Kerugian Penipuan Digital Rp7,5 Triliun, Warga Diminta Waspada AI

- Kerugian akibat penipuan digital di Indonesia mencapai Rp7,5 triliun, mendorong Komdigi dan Universitas Paramadina menggelar program literasi digital untuk meningkatkan kewaspadaan terhadap ancaman berbasis AI.
- Masyarakat diimbau lebih kritis terhadap hoaks dan deepfake dengan memverifikasi sumber informasi sebelum membagikannya, karena rendahnya kemampuan mengenali konten palsu membuat warga rentan tertipu.
- Meski berisiko disalahgunakan, penggunaan AI di Indonesia terus meningkat hingga 69 persen pekerja; edukasi literasi digital dinilai penting agar teknologi dimanfaatkan secara aman dan produktif.
Bandung, IDN Times – Perkembangan kecerdasan buatan (AI) tak hanya membawa manfaat bagi produktivitas masyarakat, tetapi juga memunculkan ancaman baru berupa penipuan digital dan penyebaran informasi palsu.
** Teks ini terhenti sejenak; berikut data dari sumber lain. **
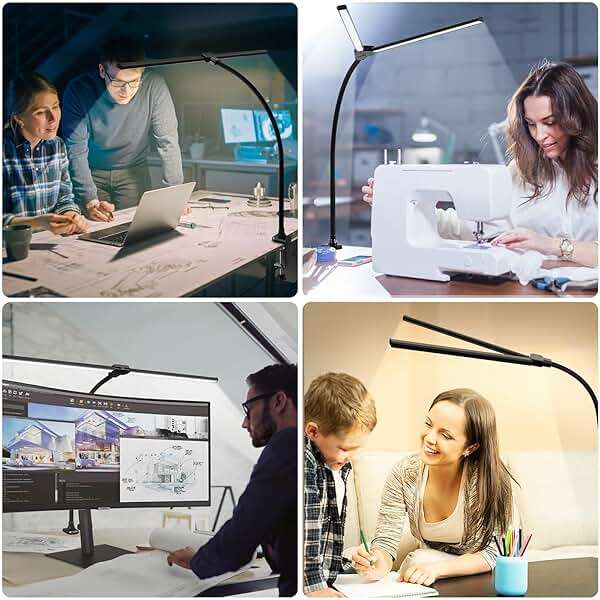 ShineTech LED Desk Lamp for Home Office, Ultra Bright Clamp Light with Flexible Gooseneck, 25 Lighting Modes, Eye-Caring Architect Lamp for Dual Monitors, Reading & Gaming Setup - Image 5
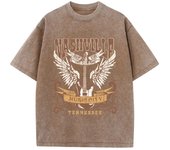 Summer Women Cotton Washed T-Shirts Nashville Music City Tennessee Print Tee Shirts Distressed O-Neck Loose Tops Female Clothes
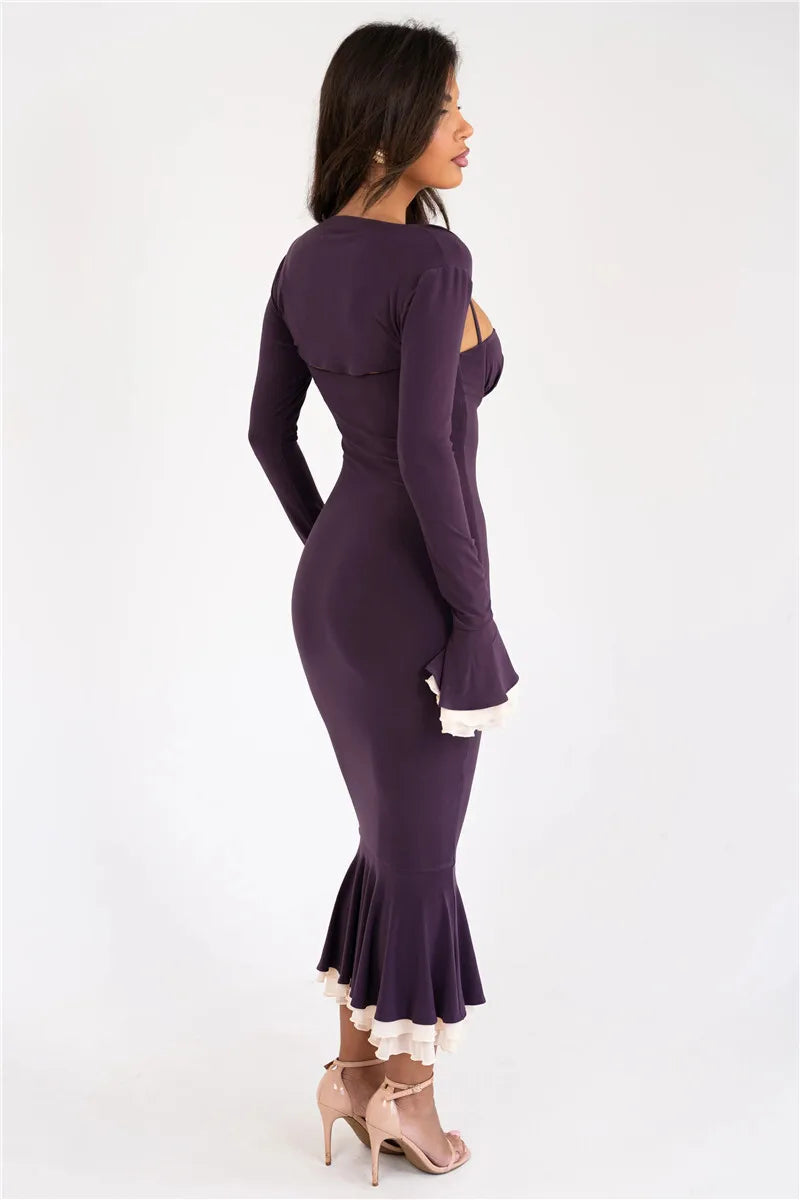 Sweetheart Spaghetti Strap Ruffle Trim Mermaid Midi Two-Piece Set - View 17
Kementerian Komunikasi dan Digital (Komdigi) mencatat kerugian akibat penipuan digital di Indonesia diperkirakan mencapai Rp7,5 triliun.
Kondisi tersebut menjadi salah satu alasan digelarnya program literasi digital "Cek Sebelum Cekcok" yang diikuti sekitar 150 warga Kota Bekasi. Kegiatan yang diinisiasi Universitas Paramadina bersama platform investasi aset kripto PINTU itu mengangkat isu hoaks, deepfake, hingga ancaman siber berbasis AI.
1. Penipuan digital berbasis AI semakin mengkhawatirkan

Ketua Tim Pembinaan Komunikasi Publik Daerah Komdigi, Dimas Aditya Nugraha, mengatakan kemampuan masyarakat dalam mengenali informasi palsu masih beragam.
Berdasarkan data yang dipaparkannya, sekitar 7 persen masyarakat sangat yakin terhadap informasi yang diterima, 25 persen yakin, sementara 45 persen lainnya masih berada dalam posisi bimbang apakah informasi tersebut benar atau tidak.
Menurut Dimas, kondisi tersebut membuat masyarakat rentan menjadi korban manipulasi informasi maupun penipuan digital.
"Sangat penting bagi kita melakukan saring sebelum sharing agar terhindar dari praktik manipulasi informasi," ujarnya.
2. Deepfake dan hoaks kini menyasar keluarga

Dekan Fakultas Falsafah dan Peradaban Universitas Paramadina, Rini Sudarmanti, mengingatkan masyarakat untuk semakin kritis terhadap konten yang beredar di media sosial.
Ia menyebut beberapa ciri hoaks yang perlu diwaspadai, mulai dari judul sensasional, video hasil rekayasa AI atau deepfake, hingga penggunaan sumber informasi yang tidak jelas.
Menurut Rini, ibu-ibu memiliki peran penting dalam melindungi keluarga dari ancaman informasi menyesatkan karena menjadi pihak yang paling sering berinteraksi dengan anggota keluarga sehari-hari.
Masyarakat juga diminta membiasakan diri melakukan verifikasi mandiri dengan mengecek sumber informasi dan membandingkannya dengan sumber kredibel sebelum membagikannya ke orang lain.
3. AI bukan hanya ancaman, tapi juga peluang

Di tengah meningkatnya risiko penipuan digital, pemanfaatan AI di Indonesia justru terus tumbuh. Berdasarkan laporan Global Workforce Hopes and Fears Survey 2025 dari PwC Indonesia, sebanyak 69 persen pekerja Indonesia mengaku telah menggunakan AI dalam pekerjaannya selama satu tahun terakhir.
Senior Product Marketing Specialist PINTU, Reyner Jonathan, mengatakan AI dapat membantu berbagai aktivitas sehari-hari, mulai dari mencari informasi, membuat konten media sosial, hingga membantu pelaku usaha mengelola pembukuan.
Namun demikian, masyarakat tetap diminta waspada terhadap modus penipuan yang memanfaatkan teknologi tersebut.
Beberapa langkah yang disarankan antara lain tidak mudah percaya pada informasi yang belum jelas sumbernya, tidak panik saat menerima pesan mencurigakan, memverifikasi nomor resmi institusi, serta menghindari mengklik tautan yang tidak dikenal.
Dengan tingginya adopsi AI di Indonesia, edukasi literasi digital dinilai menjadi kebutuhan mendesak agar masyarakat mampu memanfaatkan teknologi secara produktif tanpa menjadi korban kejahatan digital.